- Born: November 16, 1805 Vienna, Austrian Empire
- Died: June 29, 1856 (aged 50) Lyon, France
- Allegiance: Austrian Empire
- Branch: Austrian Army
- Service years: 1820–1856
- Rank: Major General
- Commands: 8th Field Artillery Regiment
- Alma mater: Theresian Military Academy; Vienna Polytechnic Institute
- Relations: Josef von Smola (father)

= Josef von Smola (1805–1856) =

Josef Freiherr von Smola (16 November 1805 – 29 June 1856) was an Austrian officer.

== Life ==
Josef von Smola was born 6 November 1805 in Vienna. His father was Josef von Smola (1764–1820), officer and holder of the Knight's Cross of the Order of Maria Theresia.
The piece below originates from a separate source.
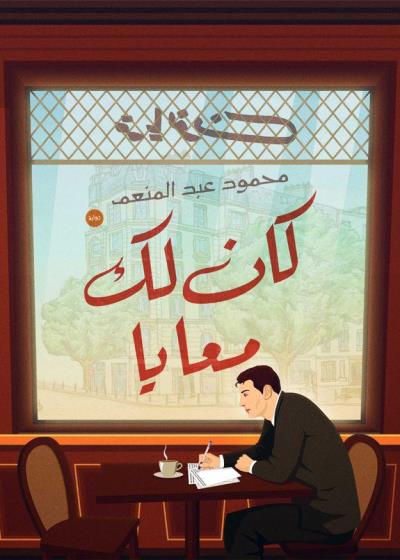 كتاب كان لك معايا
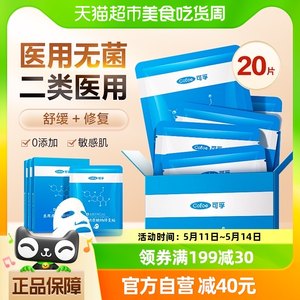 可孚医用敷料冷敷贴修复面膜痘痘贴消炎痘印械字号补水非面膜20片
He graduated from Theresianischen Ritterakademie in Vienna and in 1820 he joined the artillery, just as his father. He continued to study, namely at the Vienna Polytechnic Institute. In 1831, he rose to the rank of battery commander, in 1840 to the rank of captain and company commander, and in 1848 to the rank of major. In 1849 he rose to the rank of colonel, and he joined the general directorate of the artillery as district commander in Vienna. From 1851, he worked as the artillery director in Prague, 1852 in Vienna and subsequently in Galicia. After that, he was promoted to major general and obtained the 8th field artillery regiment. In 1855, he became president of the committee of Artillery. He died 29 June 1856 in Lyon on his study trip.